Ruang Pengakuan dalam Desentralisasi dan Otonomi
Suku Bangsa Rejang adalah salah satu suku asli di Sumatera yang mendiami wilayah Kabupaten Rejang Lebong, Lebong, Kepahiang, Bengkulu Utara, dan beberapa daerah di Provinsi Sumatera Selatan. Suku Bangsa Rejang ini memiliki sistem pemerintahan tradisional yang dikenal dengan Kutai (kuteui/kutei), yang berasal dari perkataan Hindu “Kuta” dan dalam bahasa melayu diartikan sebagai dusun yang berdiri sendiri.

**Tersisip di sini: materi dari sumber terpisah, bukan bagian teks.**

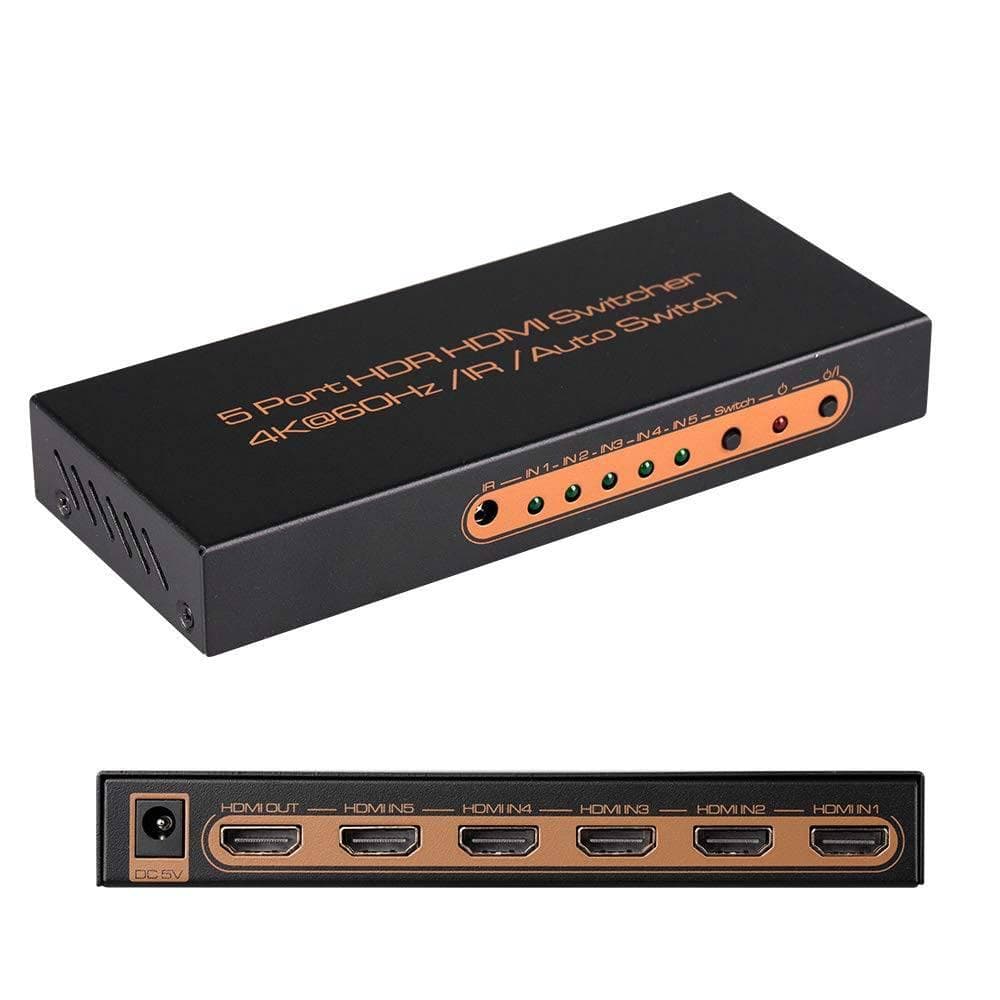 HDMI切替器 5入力1出力 リモコン付き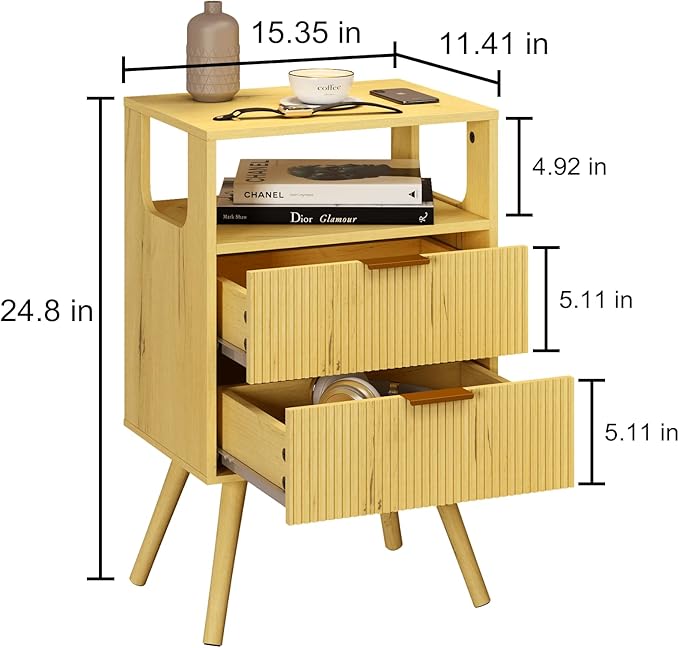 Nightstand,Modern Bedside Table with 2 Storage Drawer and Open Wood Shelf, for Bedroom and Small Spaces,Night Stand with Solid Wood Legs, Yellow Oak
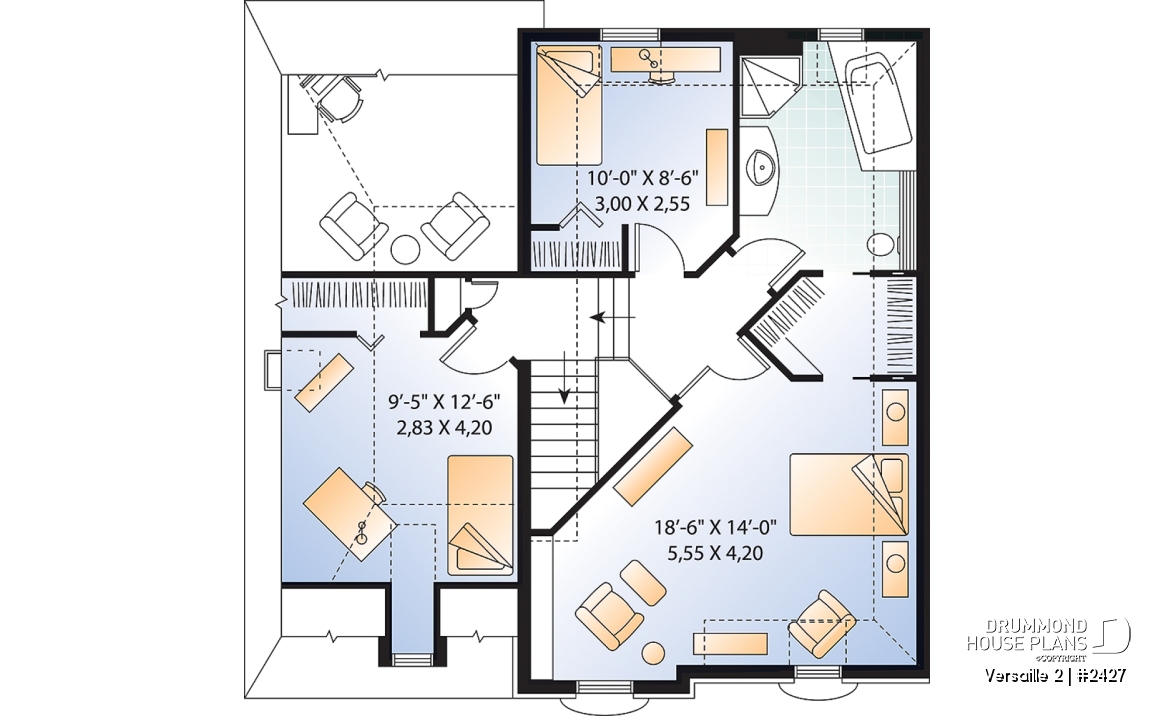 2nd level - 2-storey Victorian house plan, garage, master suite (total 3 beds), game room or den - Versaille 2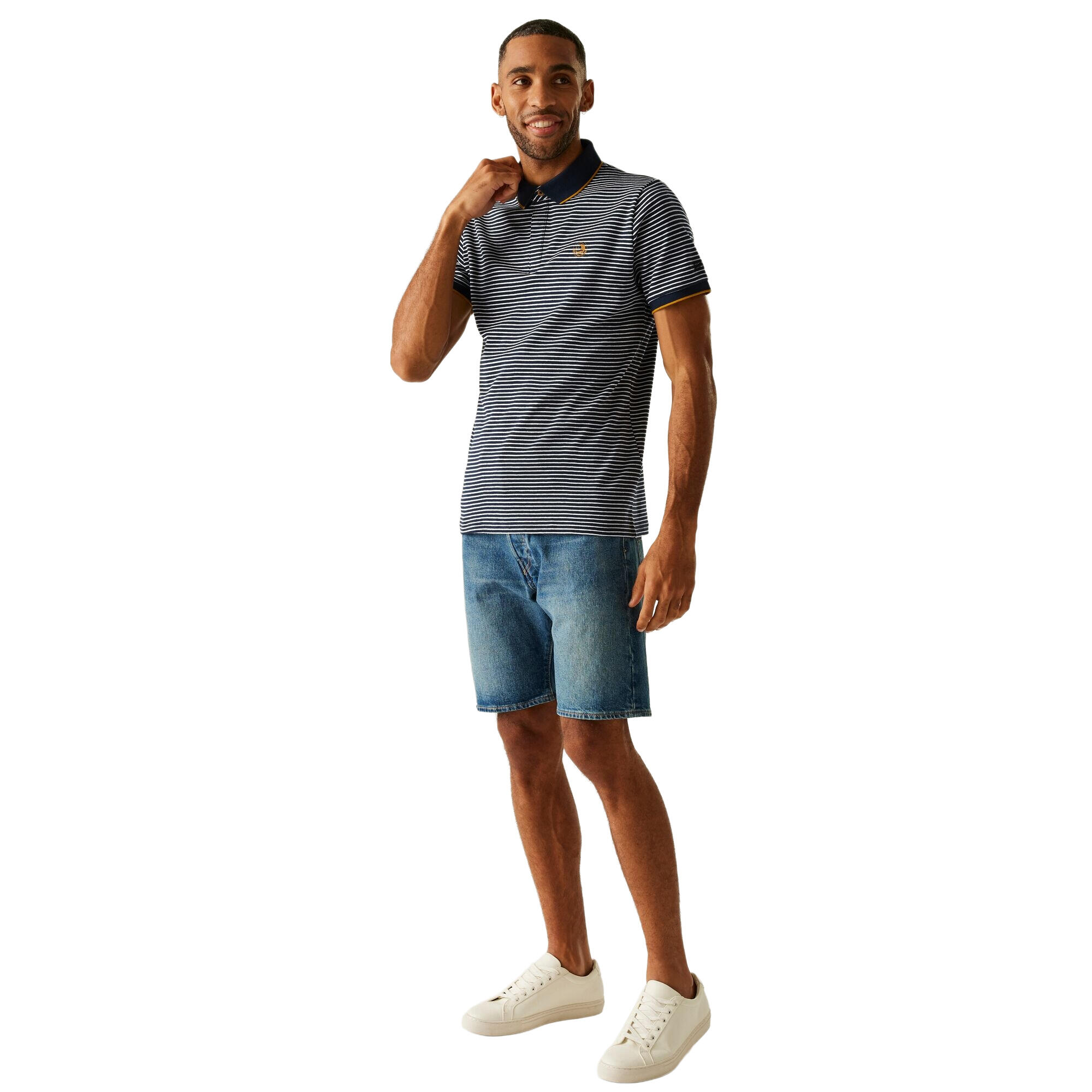 Polo Motif/style Rayé TIVER Homme (Bleu Marine / Blanc) 4/5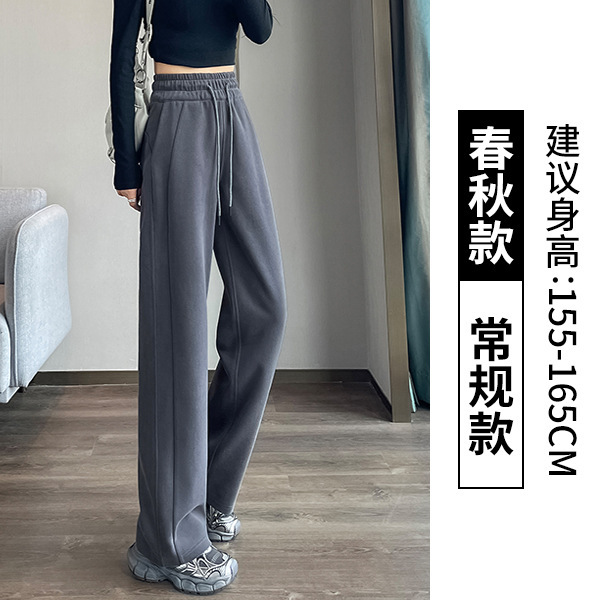 灰色lulu同款运动裤女春秋冬2025新款宽松直筒小个子窄版阔腿卫裤|undefined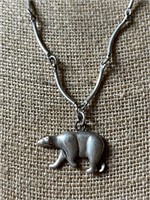 Sterling Silver Bear Necklace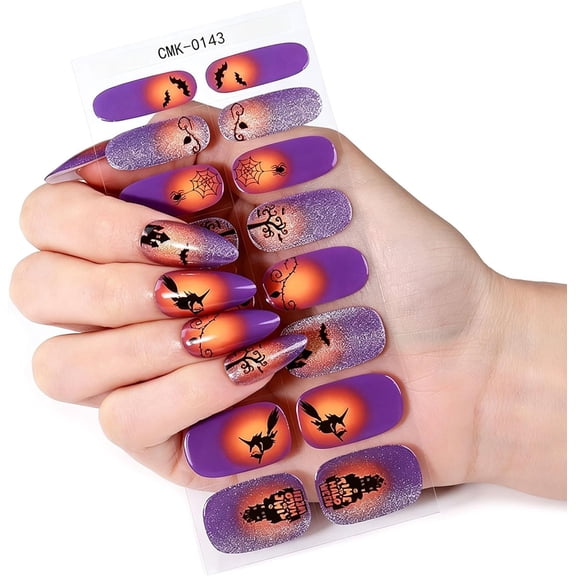 Cute Halloween Semi Cured Gel Nail Strips, Glow in the Dark Nail, 16PCS, Halloween Nails Stickers, Horror Ghost Full Wraps Nail Strips for Women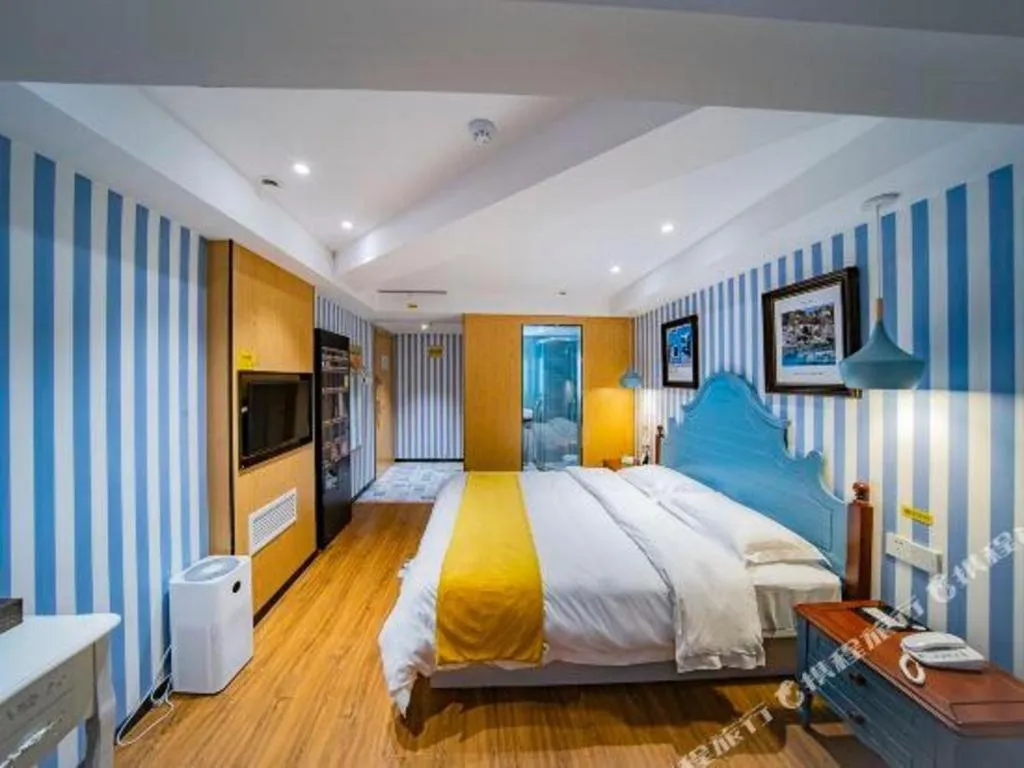 Bed in Echarm Hotel Hefei West Qilitang Metro Station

Tahun 1861 sistem pemerintahan Marga diterapkan di wilayah Bengkulu dibawah pengaruh jajahan Belanda, di wilayah Rejang, Kelembagaan Marga ini merupakan gabungan dari beberapa Kutai. Dan Hukum yang dipakai ketika itu adalah Undang-Undang Simbur Cahaya yang di adopsi dari Undang-Undang Simbur Cahaya di Sumatera Selatan.
Sistem pemerintahan marga berlaku hingga tahun 1980 setelah keluarnya UU No. 5 tahun 1979 tentang Pemerintahan Desa. Semua sistem pemerintahan terendah di seluruh Indonesia diseragamkan sehingga Marga  dan pemerintahan terendah lainnya di seluruh Indonesia diganti dengan sistem pemerintahan desa, perubahan kebijakan ini juga membawa konsekwensi hilangnya hak akses dan kontrol atas hak-hak masyarakat adat, termasuk hak-hak Masyarakat Adat Rejang.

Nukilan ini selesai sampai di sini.